Using the listing below, output only the lines from the one that contains "Bright kitchen featuring" through the one that contains "Happy woman cooking", inclusive, exactly as given and without images.

[Supplied information]
-- Opening Marker --

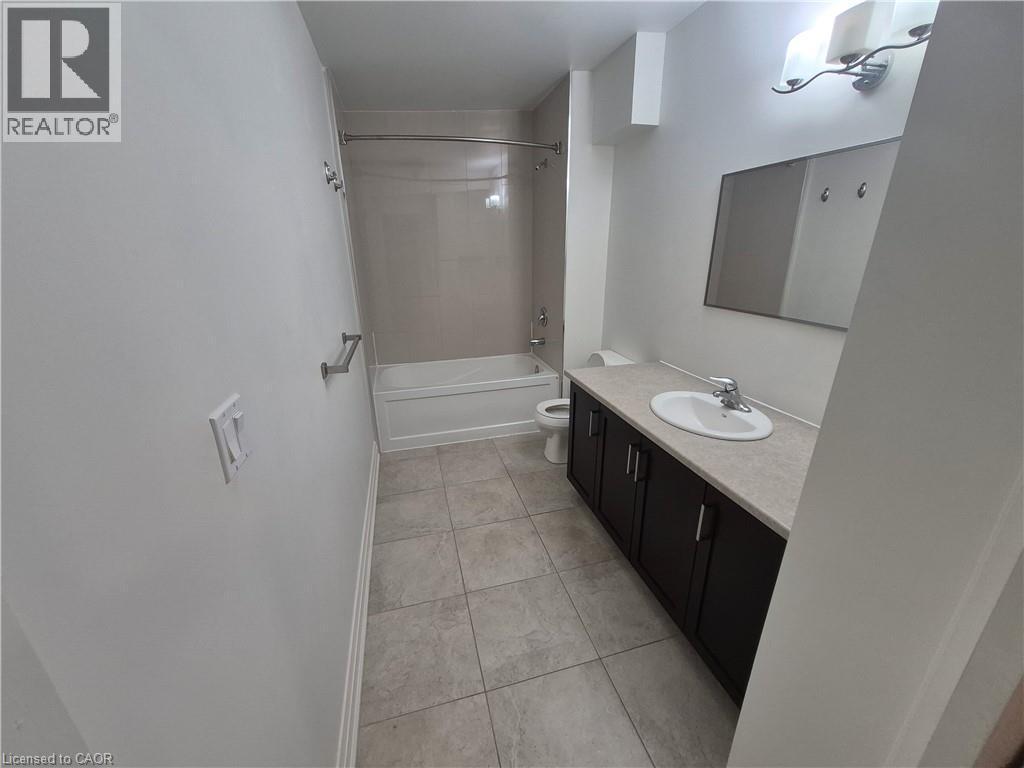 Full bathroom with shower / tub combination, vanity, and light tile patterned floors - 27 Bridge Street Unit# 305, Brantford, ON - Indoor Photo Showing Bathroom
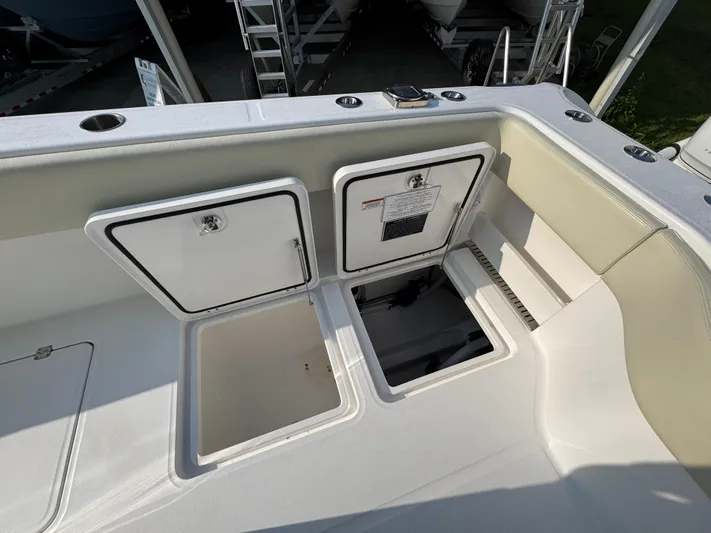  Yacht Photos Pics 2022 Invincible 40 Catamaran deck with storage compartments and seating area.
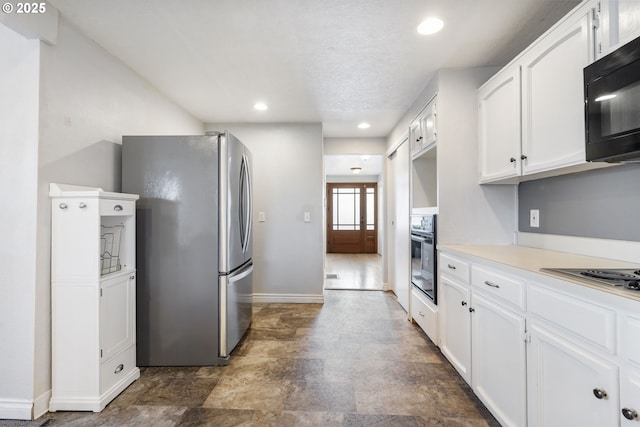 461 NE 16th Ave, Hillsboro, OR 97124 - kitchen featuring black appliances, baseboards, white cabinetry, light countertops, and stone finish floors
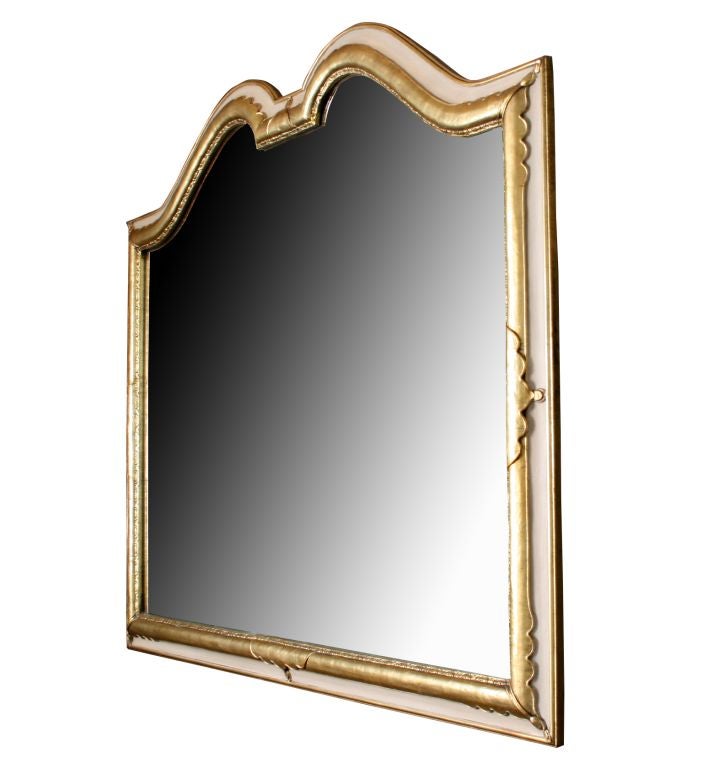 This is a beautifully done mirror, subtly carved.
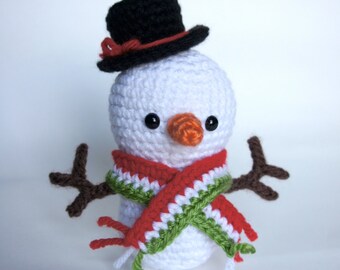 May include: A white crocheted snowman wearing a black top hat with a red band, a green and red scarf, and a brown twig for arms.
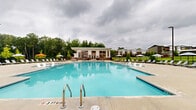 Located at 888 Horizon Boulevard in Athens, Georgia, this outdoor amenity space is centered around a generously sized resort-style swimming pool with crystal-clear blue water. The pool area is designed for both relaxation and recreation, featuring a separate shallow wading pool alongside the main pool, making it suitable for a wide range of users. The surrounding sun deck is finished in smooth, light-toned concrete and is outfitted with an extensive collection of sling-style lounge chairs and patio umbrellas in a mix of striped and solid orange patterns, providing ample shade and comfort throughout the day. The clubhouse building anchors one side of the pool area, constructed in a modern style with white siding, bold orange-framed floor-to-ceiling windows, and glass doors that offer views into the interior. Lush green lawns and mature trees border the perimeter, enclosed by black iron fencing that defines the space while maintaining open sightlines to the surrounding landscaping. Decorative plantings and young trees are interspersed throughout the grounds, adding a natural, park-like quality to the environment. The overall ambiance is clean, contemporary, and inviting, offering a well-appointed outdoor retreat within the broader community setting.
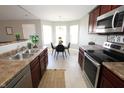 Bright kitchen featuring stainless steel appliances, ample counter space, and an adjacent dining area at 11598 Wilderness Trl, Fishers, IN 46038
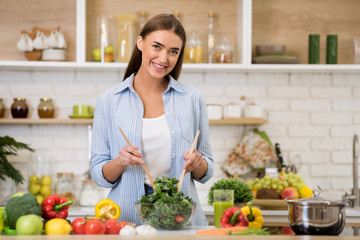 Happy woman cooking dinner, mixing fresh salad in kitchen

-- Closing Marker --
-- Opening Marker --

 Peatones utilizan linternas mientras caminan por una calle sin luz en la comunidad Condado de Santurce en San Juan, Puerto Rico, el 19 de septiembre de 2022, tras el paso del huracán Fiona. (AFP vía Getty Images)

-- Closing Marker --
-- Opening Marker --

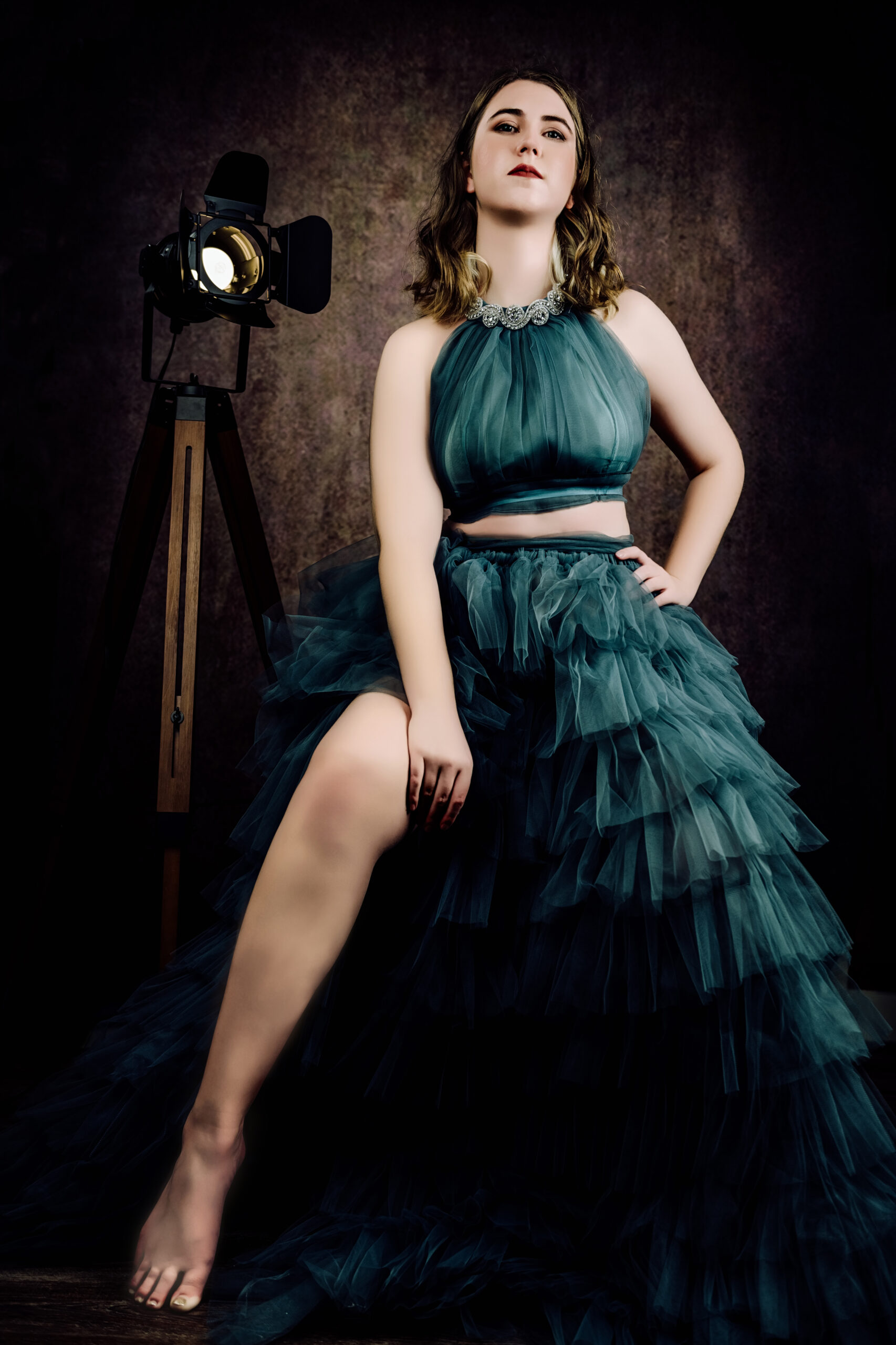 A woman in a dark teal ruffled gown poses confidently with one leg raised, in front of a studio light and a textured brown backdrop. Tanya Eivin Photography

-- Closing Marker --

[Task solution]
 Bright kitchen featuring stainless steel appliances, ample counter space, and an adjacent dining area at 11598 Wilderness Trl, Fishers, IN 46038
 Happy woman cooking dinner, mixing fresh salad in kitchen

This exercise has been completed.